**Entries supplied:**
○ ○ ○

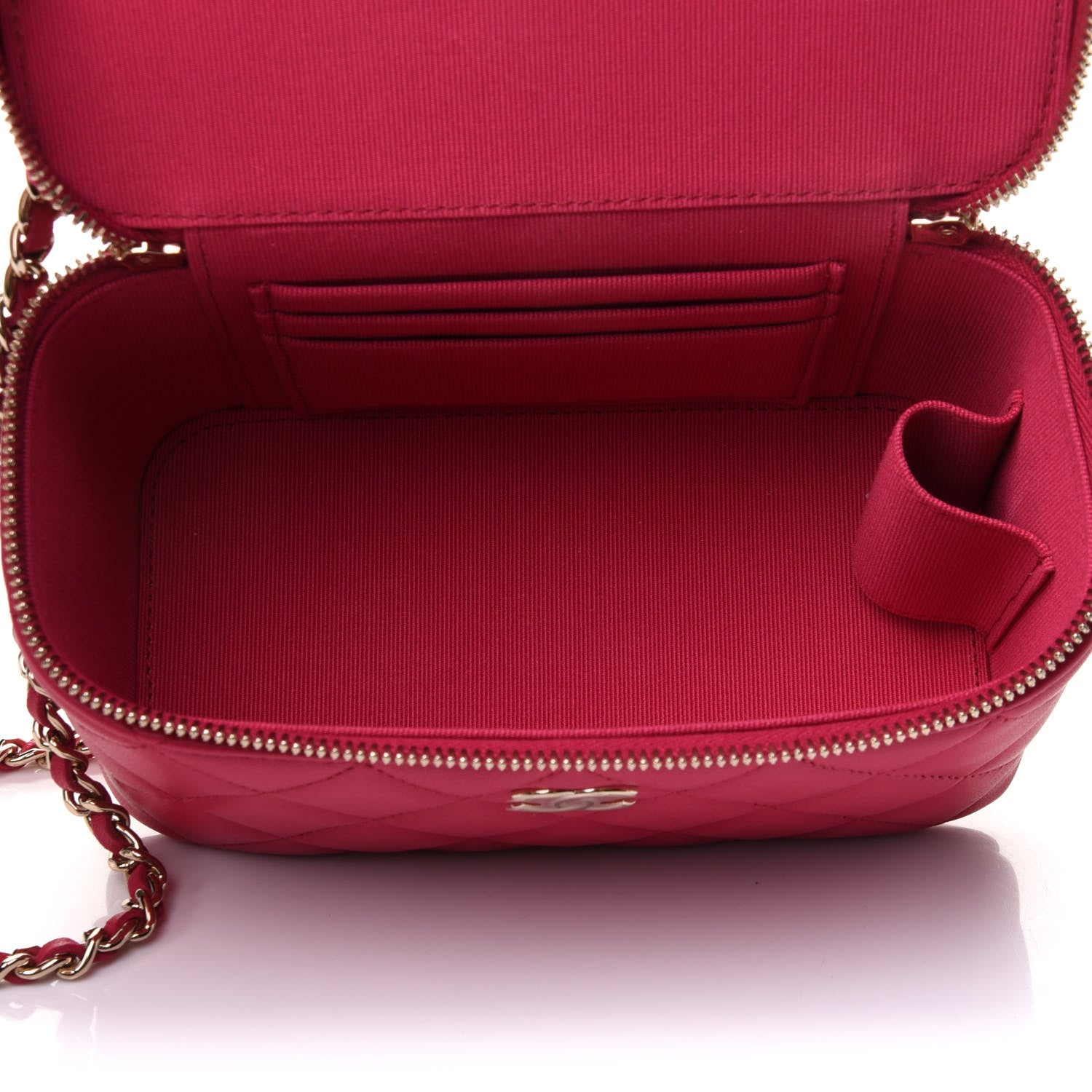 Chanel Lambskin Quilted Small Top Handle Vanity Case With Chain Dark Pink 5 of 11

○ ○ ○

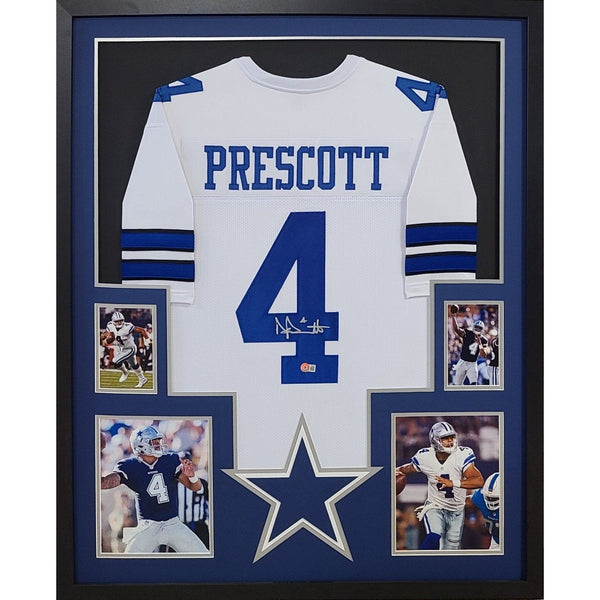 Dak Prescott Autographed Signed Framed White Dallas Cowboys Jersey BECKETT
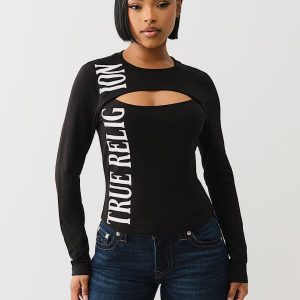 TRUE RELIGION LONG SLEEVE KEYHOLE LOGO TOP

○ ○ ○

Drop the pictures; return the lines above from the line containing "Dak Prescott Autographed" to the line containing "TRUE RELIGION LONG SLEEVE KEYHOLE LOGO TOP", both included, exactly.

 Dak Prescott Autographed Signed Framed White Dallas Cowboys Jersey BECKETT
 TRUE RELIGION LONG SLEEVE KEYHOLE LOGO TOP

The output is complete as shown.